Task description: Please copy exactly the line that contains "İki Kadın ve" and every line after it through the end of the records, leaving the pictures out.

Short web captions
######
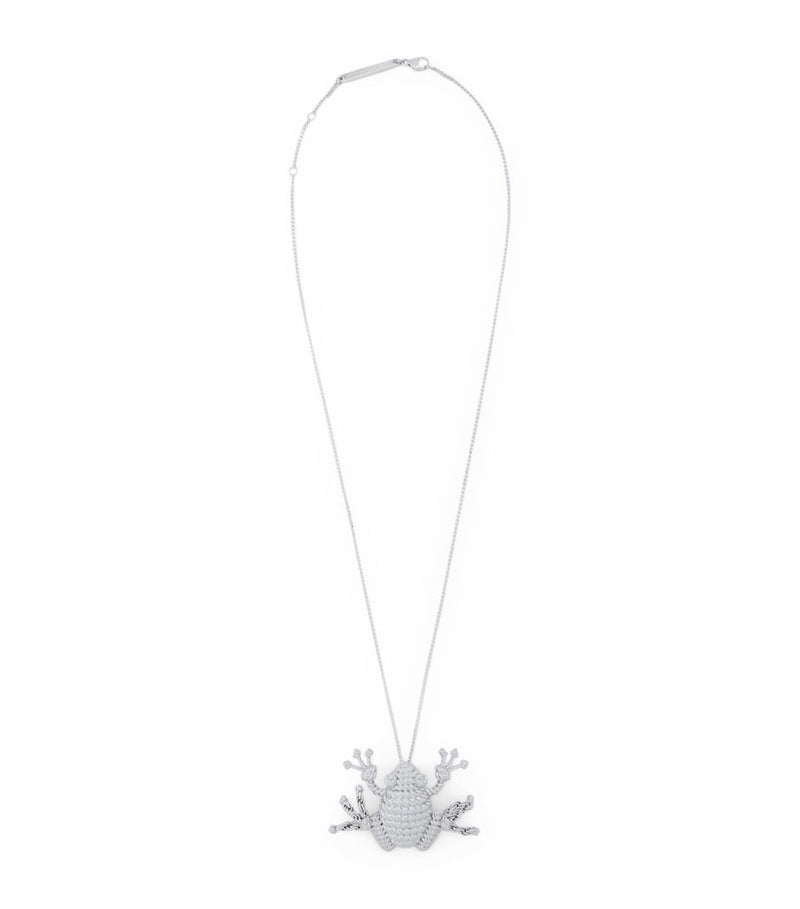 LOEWE rope frog necklace silver-tone braided brass, imported from the UK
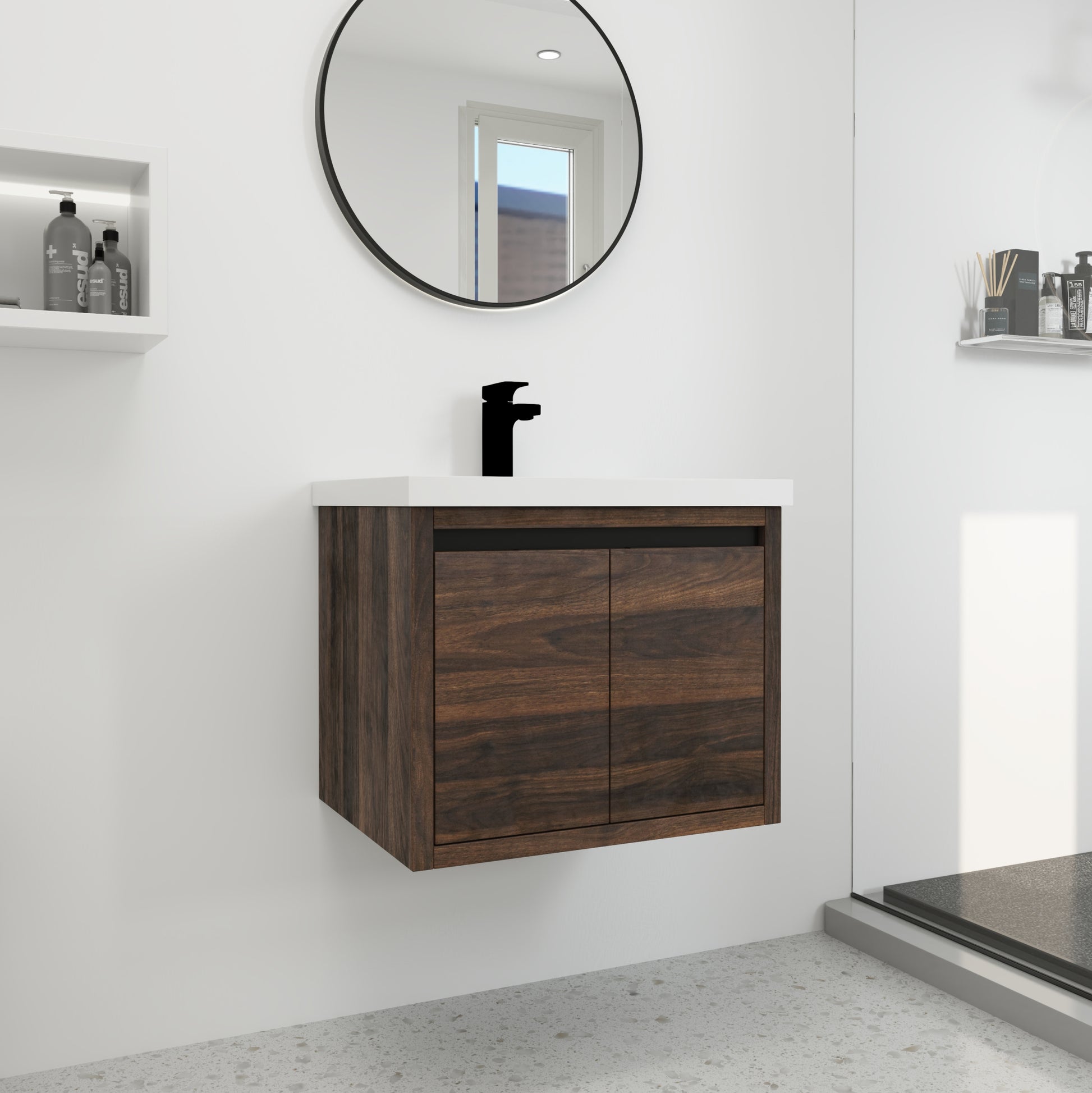 Bathroom Cabinet With Sink,Soft Close Doors,Float Mounting Design,24 Inch For Small Bathroom,24X18 Kd Packing ,W128650530 California Walnut 2 Bathroom Wall Mounted Modern Plywood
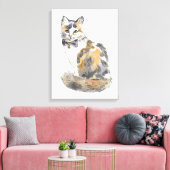Fancy Calico Cat Canvas Afdruk (Insitu (Woonkamer))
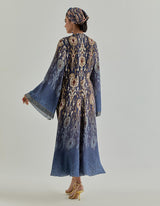 Blue Jaspe Front Open Shaded Dress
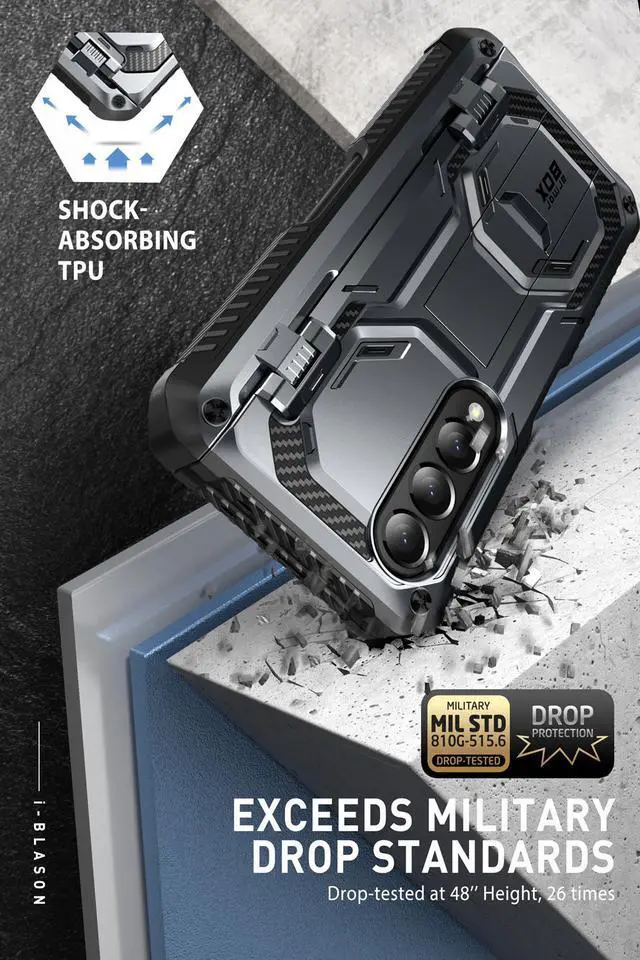 Alt view image 2 of 7 - i-Blason Armorbox Case for Samsung Galaxy Z Fold 4 Case 5G (2022 Release) with Pen Holder & Kickstand, Full Body Protective Bumper Case with Built-in Screen Protector (Black)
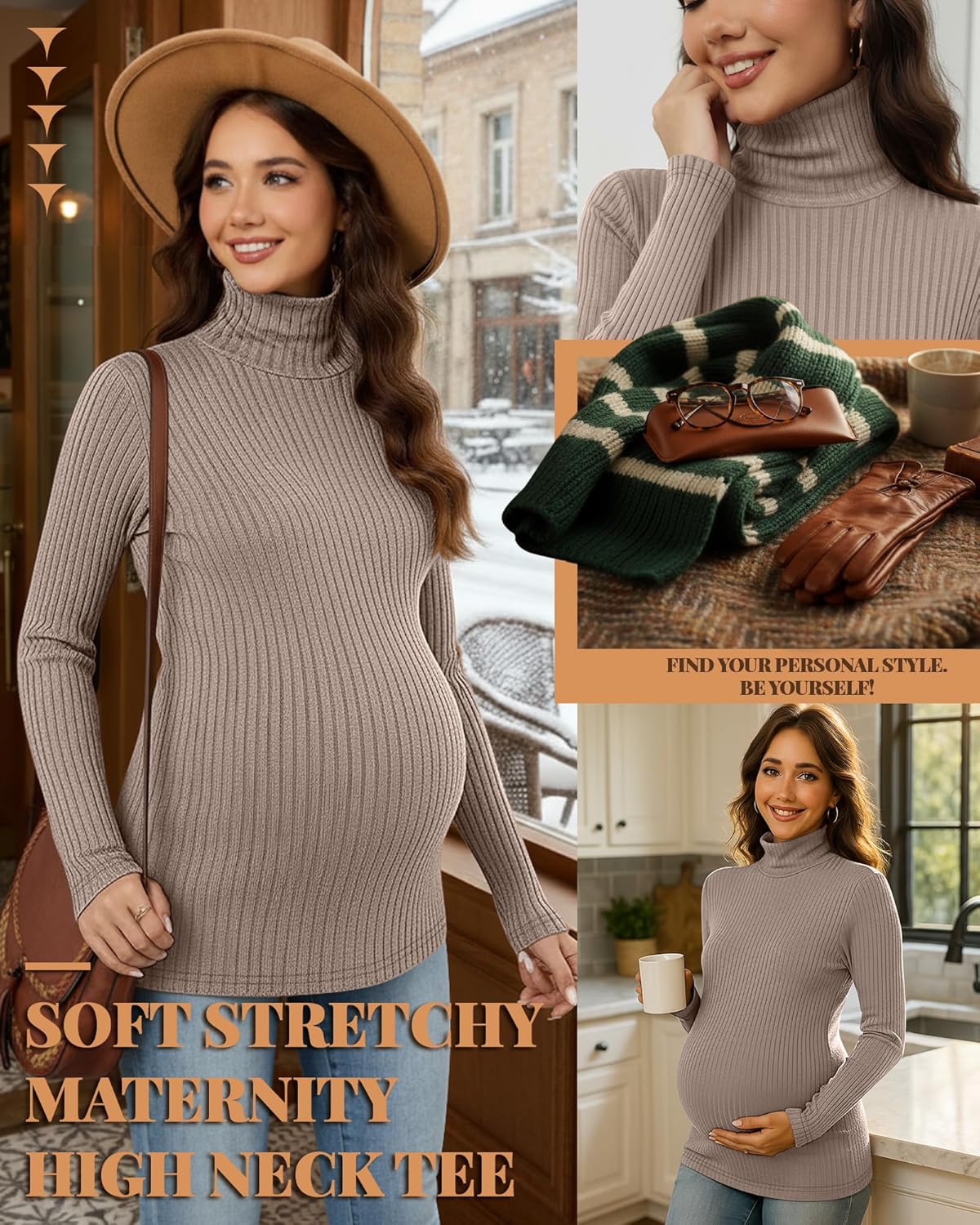 3 Pack Women's Maternity Shirts Ribbed Turtleneck Long Sleeve Slim Fit Pregnancy Tops Fall Casual Pregnant Sweater - Image 6
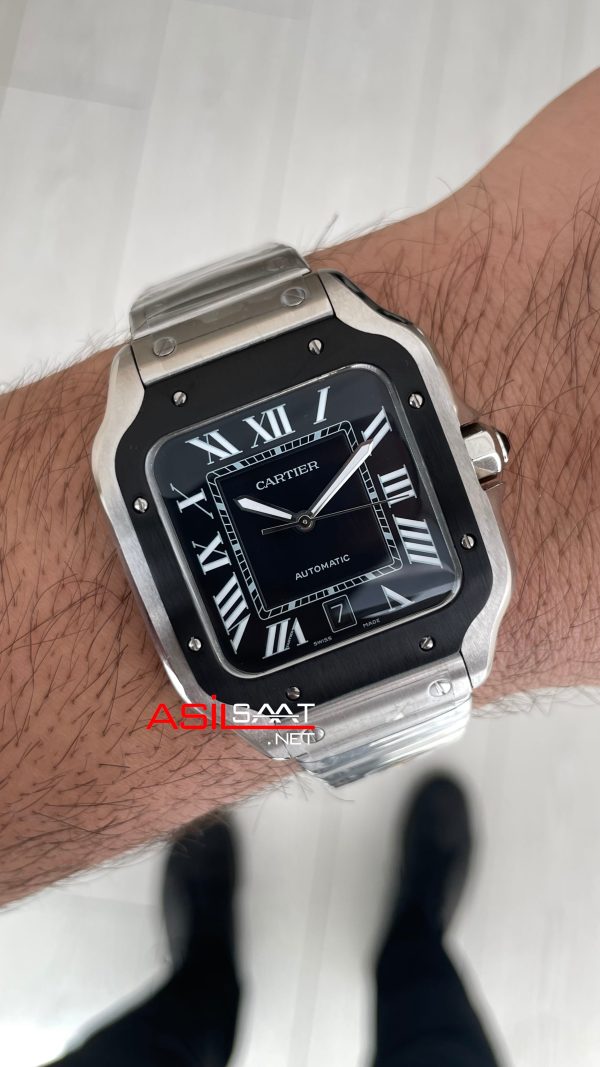 Cartier Santos Siyah WSSA0037 Large PVD Bezel Cartier Santos Siyah WSSA0037 Large PVD Bezel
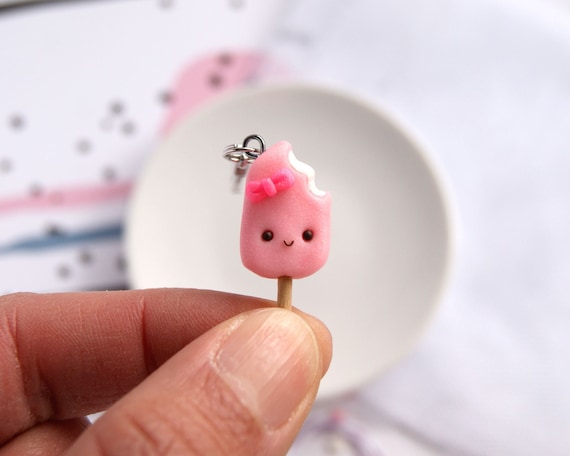 Kawaii Pink Popsicle Charm, Polymer Clay Food Charms, Miniature Food Clay,  Cute Stitch Marker, Tiny Cute Charm, Cute Strawberry Popsicle 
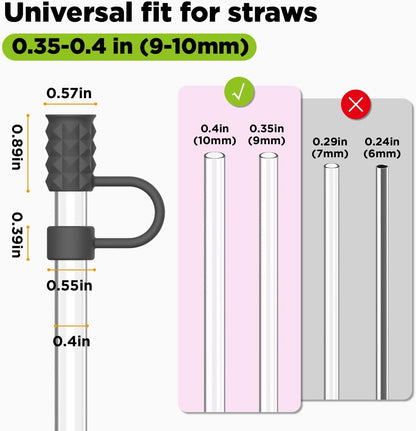 6 Pcs Straw Covers Caps, 0.4in/10mm Straw Toppers for Stanley Cup 30/40 oz, Starlight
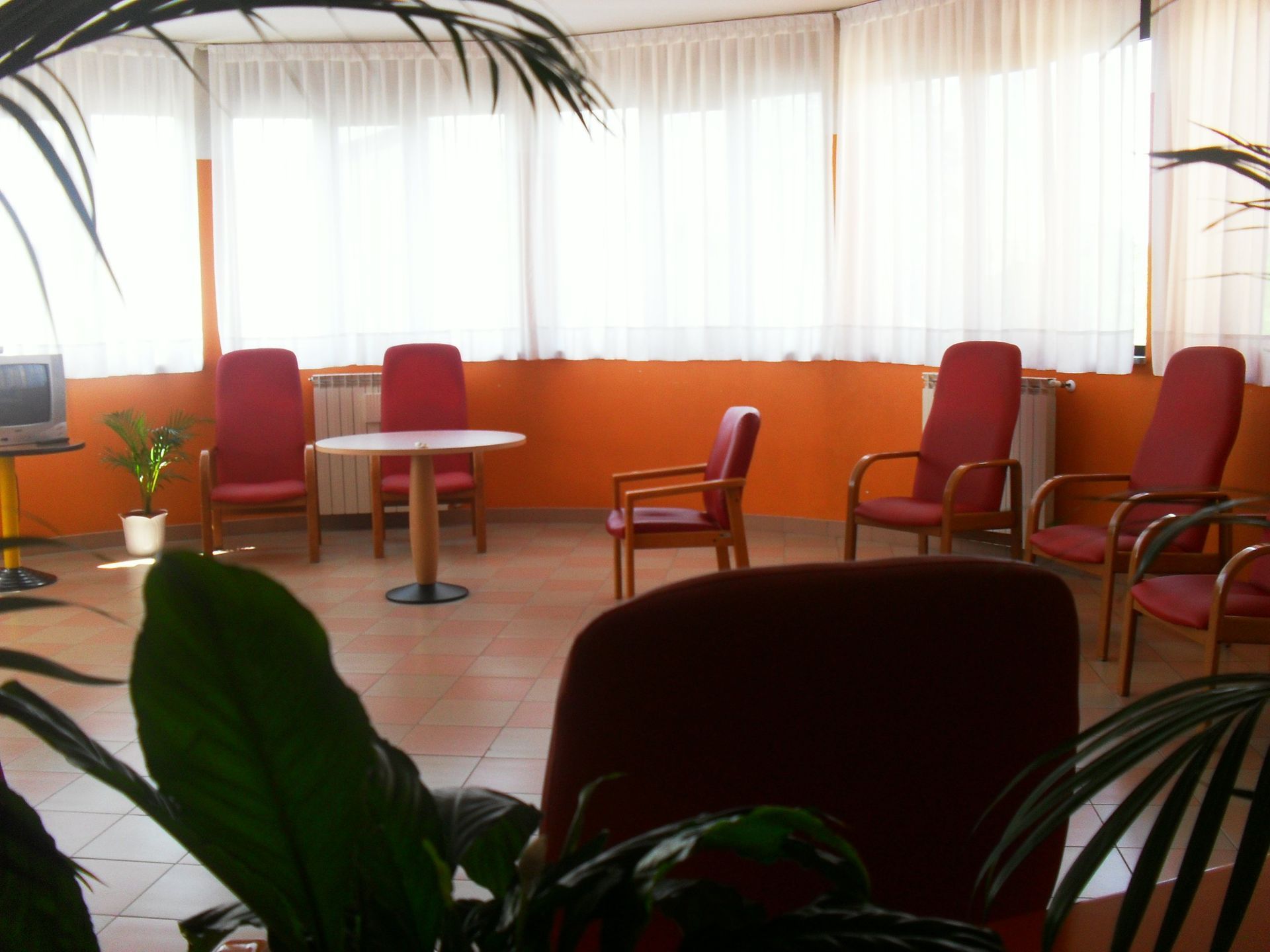 Una sala d'attesa con sedie rosse, un tavolino e pareti arancioni. Ampie finestre con tende bianche e piante.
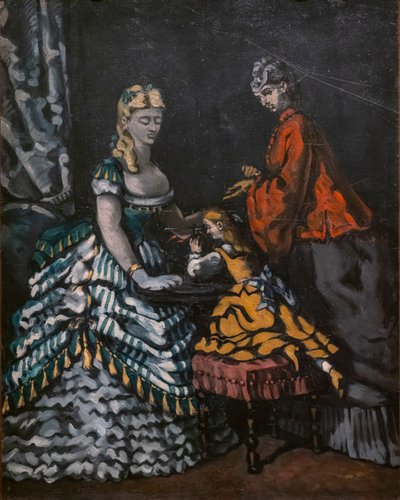 İki Kadın ve Bir Çocukla İç Mekan by Paul Cézanne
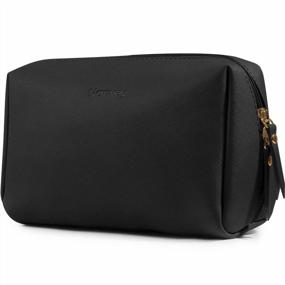 img 4 attached to Black Vegan Leather Cosmetic Organizer For Women - Large Zipper Makeup Bag Pouch For Travel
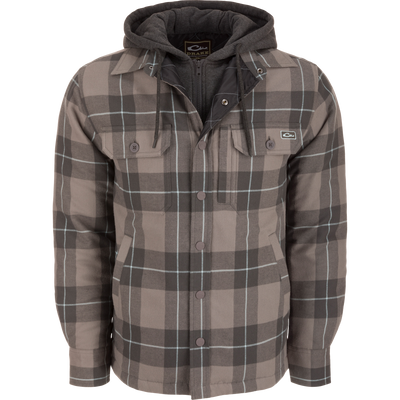 The Campfire Flannel Hoodie features a plaid design, quilted lining, adjustable hood, and multiple pockets, ideal for warmth and style in outdoor settings.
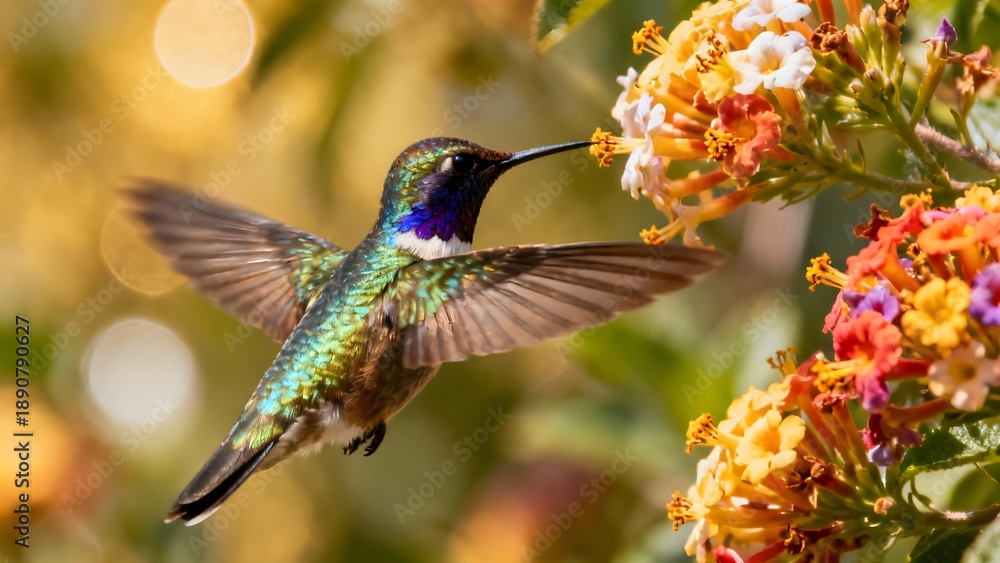 Obraz premium Realistic Wildlife Photography of a Hummingbird with Iridescent Plumage and Spread Wings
######
Exercise response:
 İki Kadın ve Bir Çocukla İç Mekan by Paul Cézanne
 img 4 attached to Black Vegan Leather Cosmetic Organizer For Women - Large Zipper Makeup Bag Pouch For Travel
 The Campfire Flannel Hoodie features a plaid design, quilted lining, adjustable hood, and multiple pockets, ideal for warmth and style in outdoor settings.
 Obraz premium Realistic Wildlife Photography of a Hummingbird with Iridescent Plumage and Spread Wings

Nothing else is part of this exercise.